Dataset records
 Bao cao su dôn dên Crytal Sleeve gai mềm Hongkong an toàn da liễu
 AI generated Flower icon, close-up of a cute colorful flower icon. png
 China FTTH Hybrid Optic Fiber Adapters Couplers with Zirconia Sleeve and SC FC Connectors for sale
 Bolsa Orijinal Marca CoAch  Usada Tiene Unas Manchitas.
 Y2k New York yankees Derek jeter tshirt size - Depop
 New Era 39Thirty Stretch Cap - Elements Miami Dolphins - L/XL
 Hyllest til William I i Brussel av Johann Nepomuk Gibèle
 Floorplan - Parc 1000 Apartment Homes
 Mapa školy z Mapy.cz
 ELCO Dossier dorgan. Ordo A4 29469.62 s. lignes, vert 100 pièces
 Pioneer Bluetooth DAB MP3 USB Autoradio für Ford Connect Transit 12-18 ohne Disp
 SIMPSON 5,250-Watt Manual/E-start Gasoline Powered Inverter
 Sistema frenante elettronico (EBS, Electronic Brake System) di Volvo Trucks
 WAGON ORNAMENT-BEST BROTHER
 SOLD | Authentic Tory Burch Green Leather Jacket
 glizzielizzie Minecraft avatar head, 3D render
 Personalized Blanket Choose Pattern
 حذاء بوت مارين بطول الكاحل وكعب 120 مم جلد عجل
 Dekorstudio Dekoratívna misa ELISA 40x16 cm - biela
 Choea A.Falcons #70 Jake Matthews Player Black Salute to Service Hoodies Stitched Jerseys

◆ REQUIREMENT
Restate verbatim all lines from the start of the data through the line containing "glizzielizzie Minecraft avatar", with both ends kept.

◆ SOLVED EXERCISE
 Bao cao su dôn dên Crytal Sleeve gai mềm Hongkong an toàn da liễu
 AI generated Flower icon, close-up of a cute colorful flower icon. png
 China FTTH Hybrid Optic Fiber Adapters Couplers with Zirconia Sleeve and SC FC Connectors for sale
 Bolsa Orijinal Marca CoAch  Usada Tiene Unas Manchitas.
 Y2k New York yankees Derek jeter tshirt size - Depop
 New Era 39Thirty Stretch Cap - Elements Miami Dolphins - L/XL
 Hyllest til William I i Brussel av Johann Nepomuk Gibèle
 Floorplan - Parc 1000 Apartment Homes
 Mapa školy z Mapy.cz
 ELCO Dossier dorgan. Ordo A4 29469.62 s. lignes, vert 100 pièces
 Pioneer Bluetooth DAB MP3 USB Autoradio für Ford Connect Transit 12-18 ohne Disp
 SIMPSON 5,250-Watt Manual/E-start Gasoline Powered Inverter
 Sistema frenante elettronico (EBS, Electronic Brake System) di Volvo Trucks
 WAGON ORNAMENT-BEST BROTHER
 SOLD | Authentic Tory Burch Green Leather Jacket
 glizzielizzie Minecraft avatar head, 3D render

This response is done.